Third, several key constructs are captured with single-dimensional proxy variables whose granularity is inherently limited. For example, we measure technological innovation by the number of granted patents, an indicator that does not differentiate between high-impact inventions and low-value filings, nor does it reflect downstream commercialization, citation intensity, or patent family breadth. Similarly, resource-allocation efficiency is proxied by factor-productivity ratios that overlook qualitative aspects such as institutional frictions or intersectoral labor mobility. These simplifications may bias effect sizes and obscure heterogeneous mechanisms. Future research should experiment with richer proxies—for example, weighted patent-quality indices, licensing revenues, or forward citations—and triangulate alternative datasets (venture-capital flows, technology-transfer contracts, labor-mobility surveys) to validate the robustness of our conclusions.

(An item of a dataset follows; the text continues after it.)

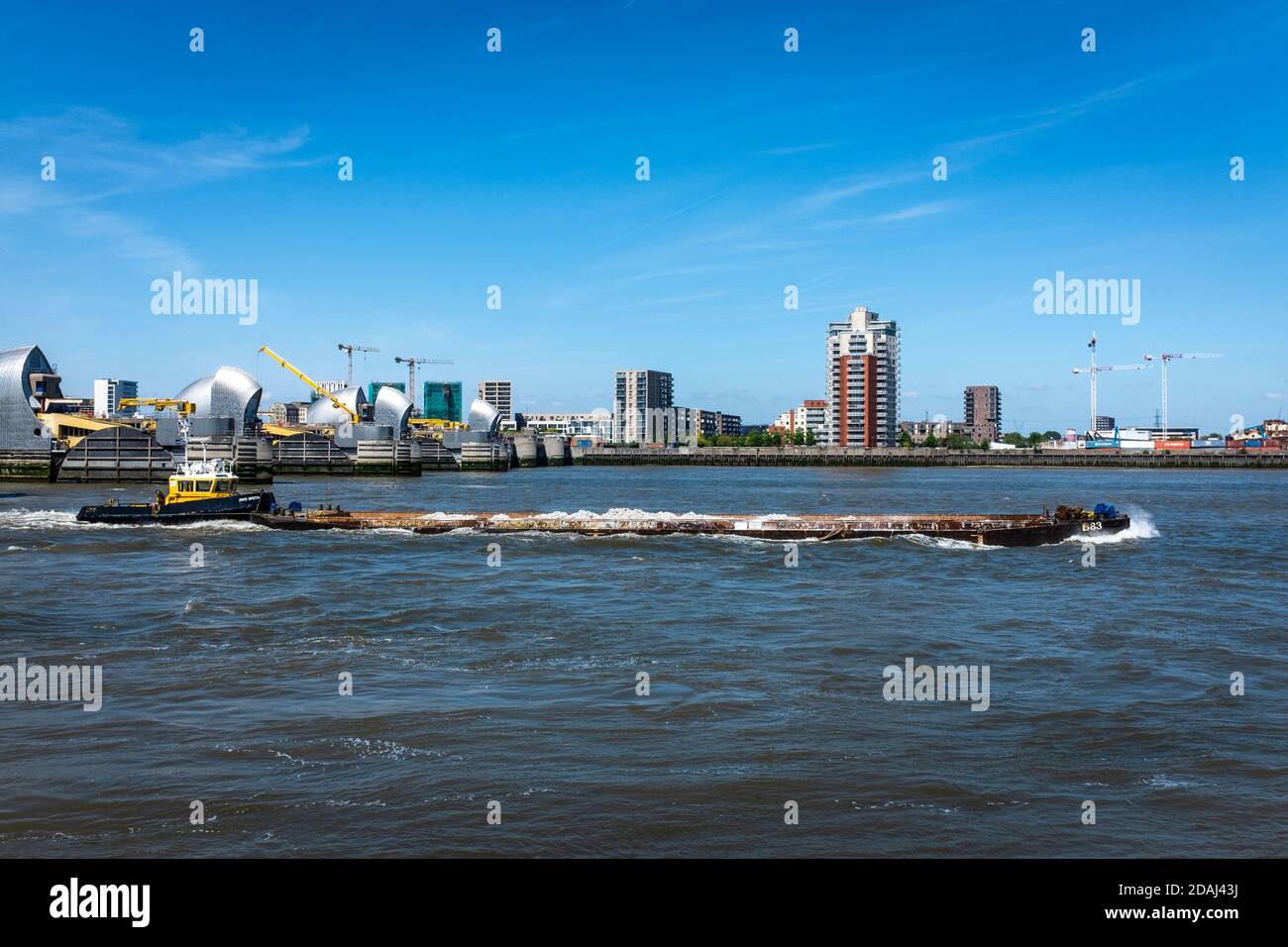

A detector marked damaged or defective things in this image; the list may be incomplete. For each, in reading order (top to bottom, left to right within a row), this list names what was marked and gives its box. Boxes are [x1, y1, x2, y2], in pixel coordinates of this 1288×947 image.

In conclusion, this study significantly advances our understanding of the digital economy’s role in fostering sustainable prosperity. By integrating theoretical perspectives from resource-based and open innovation theories and offering empirical insights into China’s provincial-level data, we provide a solid foundation for future research on the intersection of digital transformation and sustainable development. The practical recommendations derived from our findings hold the potential to inform policymaking and business strategies aimed at promoting equitable and sustainable economic growth in the digital age.
Footnotes
Ethical Considerations
This article does not contain any studies with human or animal participants.
Funding
This paper was supported and funded by the Zhejiang Province Philosophy and Social Science Planning Project “A study on climate-resilient design decisions for low-rise residential buildings in northern Zhejiang cities from a multi-agent perspective”, (Grant No. 23NDJC105YB); the National Natural Science Youth Foundation of China, “Control elements and technical strategy of old town renewal under the coupling of ‘Urban Renewal and Ecological Restoration-carbon peaking and carbon neutrality’” (Grant No. 52308039); The Fundamental Research Funds for the Provincial Universities of Zhejiang “Research on innovative design of urban and rural environment under the integration of arts and sciences” (GB202402001); Zhejiang University of Technology’s 2022 Humanities and Social Sciences Pre-research Fund (Grant No. SKY-ZX-20220247)
Declaration of Conflicting Interests
The author(s) declared no potential conflicts of interest with respect to the research, authorship, and/or publication of this article.
Data Availability Statement
The data used in this article is available upon reasonable request.